• Your instructions: Please return the lines, both ends included, that run from the one containing "kyukyoku tiger 2 manual|toaplan|games|.webp" to the last line of the data below, exactly and alone.

(Entries taken from a collection)
*-*-*

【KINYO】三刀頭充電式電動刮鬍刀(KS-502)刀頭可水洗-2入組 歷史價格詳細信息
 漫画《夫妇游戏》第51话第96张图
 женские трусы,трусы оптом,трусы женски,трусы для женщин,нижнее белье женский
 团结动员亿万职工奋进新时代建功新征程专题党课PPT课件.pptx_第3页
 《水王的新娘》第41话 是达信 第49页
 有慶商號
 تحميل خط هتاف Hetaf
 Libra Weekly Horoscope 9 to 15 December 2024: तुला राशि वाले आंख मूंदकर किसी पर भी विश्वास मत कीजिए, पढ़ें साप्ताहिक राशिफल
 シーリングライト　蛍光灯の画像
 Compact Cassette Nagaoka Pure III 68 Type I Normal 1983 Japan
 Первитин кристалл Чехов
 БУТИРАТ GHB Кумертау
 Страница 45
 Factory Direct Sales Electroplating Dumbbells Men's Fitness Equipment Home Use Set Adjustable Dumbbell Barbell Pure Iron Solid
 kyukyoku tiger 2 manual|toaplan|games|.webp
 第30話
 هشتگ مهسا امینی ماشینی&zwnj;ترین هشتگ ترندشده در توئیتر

*-*-*

• Solution to this exercise:
 kyukyoku tiger 2 manual|toaplan|games|.webp
 第30話
 هشتگ مهسا امینی ماشینی&zwnj;ترین هشتگ ترندشده در توئیتر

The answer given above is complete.